If we look at the rate of supply accumulation by smaller holders, we can actually see their changing conviction and experience over time. The first major spike shows retail investors buying heavily into the 2017 market top. In the years that followed however, there was an explosion in high quality Bitcoin educational and analysis content.

Whilst retail investors may have been the top-buying ‘dumb-money’ in 2017, they had evolved into a cohort of ‘smart-money’ by the time the 2022 bear market rolled around. Amidst the carnage of endless sell-offs and collapsing exchanges, retail holders accumulated coins with conviction near the cycle lows, palming off the prevailing narrative that Bitcoin was dead for a decade.

Retail (<100) Hodler Balance Change (90 day)

What About Exchanges, Futures and ETFs?

All three are critical and massive components of Bitcoin market structure, and any analyst worth their salt will keep two eyes on these markets as well. Given the majority of Bitcoin trade volume occurs in these ‘off-chain’ orderbooks, a natural conclusion is to assume onchain data has critical gaps. This is of course true, at least in part!

But let’s keep things in perspective, and temper this initial gut-check assessment with some data and statistics.

The chart below shows the USD value of onchain deposits (red) and withdrawals (green) to centralised exchanges like Binance and Coinbase. We then overlay the total spot trade volumes on these exchanges (orange). Every day, hundreds of millions to several billions of dollars in value flow both in, and out of exchanges, often equivalent to 20%, 40% and even 80% of spot trade volumes.

Each one of those onchain transfers carries with it information about how much was transferred, how long it was held, its original cost basis, and the profit or loss the owner locked in when they deposited it.

Onchain data is similar to surveying a very large, and statistically significant subset of the investors, making it valuable insight into the behaviour of the rest of the population (the wider Bitcoin market).
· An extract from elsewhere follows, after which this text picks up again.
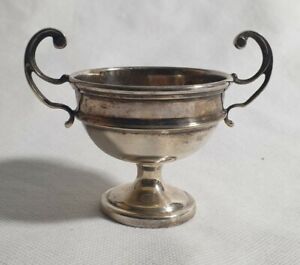 Antique Silver Plated Miniature Trophy Cup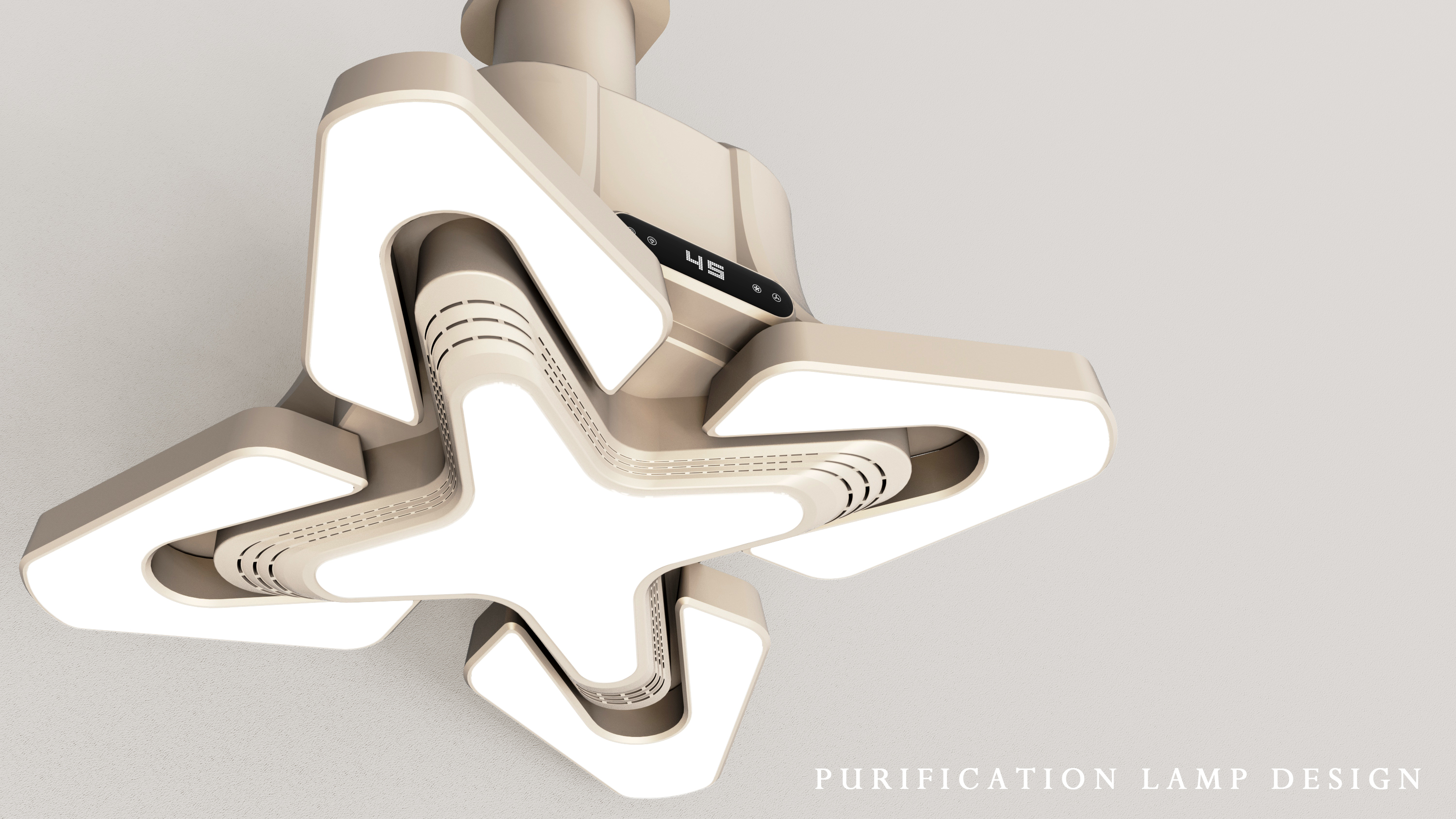 purifier，Purified lamp，lighting，lamps and lanterns，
Bitcoin: Comparison between spot volume and exchange onchain flows

Without getting too deep in the technical weeds, it’s worth highlighting the chart below, which is one that has intrigued us for some time. The chart shows the funding rate paid by traders in futures markets (orange), and compares it to the average profit multiple locked in by coins spent onchain (blue, a metric called SOPR).
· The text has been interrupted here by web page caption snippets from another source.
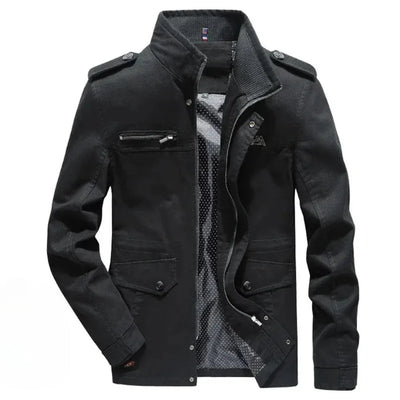 Gervasio | Paul Zippered Chest Pocket Padded Jacket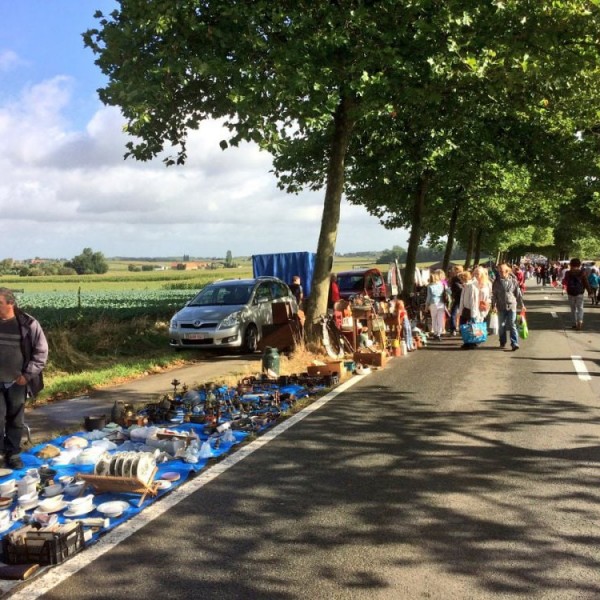 Rommelmarkt Kemmel © Feestcomité Kemmel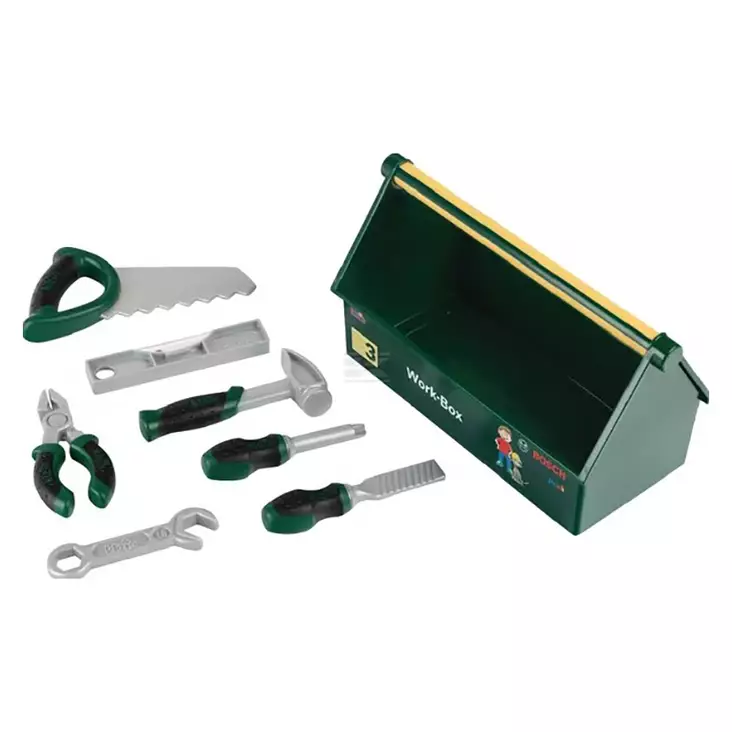 Bosch arbetslåda - Leksaksverktyg och Tillbehör - KL8573 - 1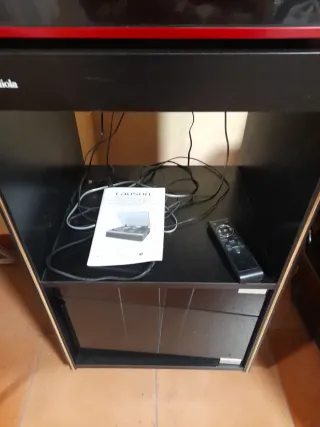 Tocadiscos Lauson con Mueble y Altavoces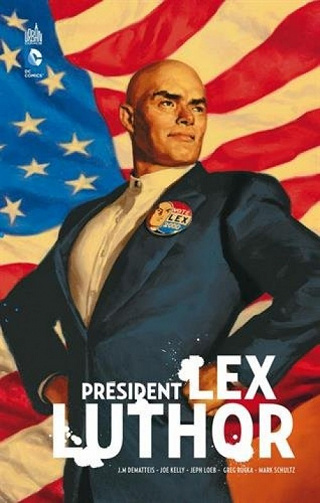Président Lex Luthor (one shot)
One metric describes the directional bias of leveraged traders (buyers), the other the profitability of existing holders transacting in spot markets (sellers). They are telling us a strikingly similar story, but come from two completely different perspectives, and from two very different markets.
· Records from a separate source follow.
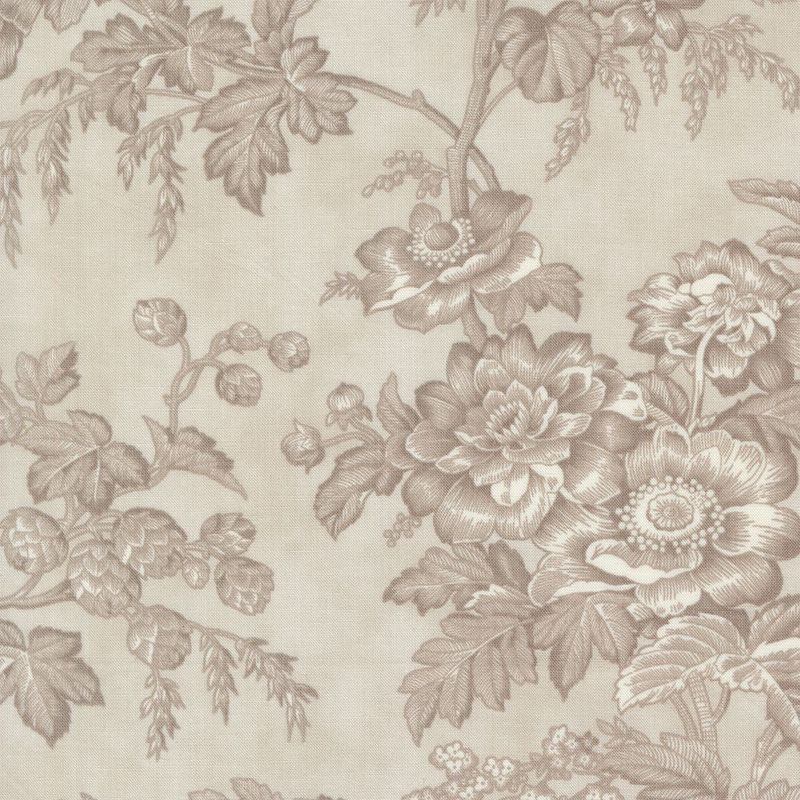 Collezione 3 Sisters Fav Vintage Moda Fabrics 44360-14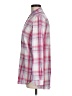 J. McLaughlin Plaid Pink Long Sleeve Button-Down Shirt Size M - photo 5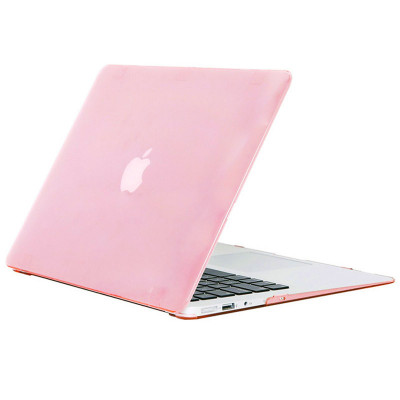Чехол-накладка для Apple MacBook Pro 15" (A1707/A1990/2016/2018) Epik Matte Shell Series Розовый/Pink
bitcoin futures funding rates vs SOPR-EA

Another fascinating link between the derivatives world and onchain transfers demonstrates how we can monitor market volatility across both. In the chart below, the blue trace shows is the implied volatility priced into Bitcoin options markets. The orange trace is derived purely from onchain data, looking at the profit and loss locked in by onchain transactions.

They are almost the same chart!

The information density within onchain data continues to fascinate us every day, and finding relationships and correlations like these are what keeps analysts like us digging for more.

Net sell-side Risk Ratio vs Options Implied Volatility

Ultimately, onchain data is packed full of information about the decisions and sentiment of Bitcoin holders. We consider it a study of human psychology in markets, and Bitcoin’s infamous volatility has a unique way of testing everyone’s limits and conviction.

Bringing It All Together

At the end of the day, the power of onchain analysis is that it opens up opportunities to model investor behaviour, and assess when investors buy, sell, and move capital into, or out of Bitcoin.

Onchain analysis can likened to a form of Quantimental Analysis, where we use quantitative data to assess the fundamentals of both Bitcoin, and the markets that surround it. With a trained eye, onchain analysts can extract unparalleled insights describing market sentiment and positioning, which in turn helps us identify periods of market opportunity, and risk.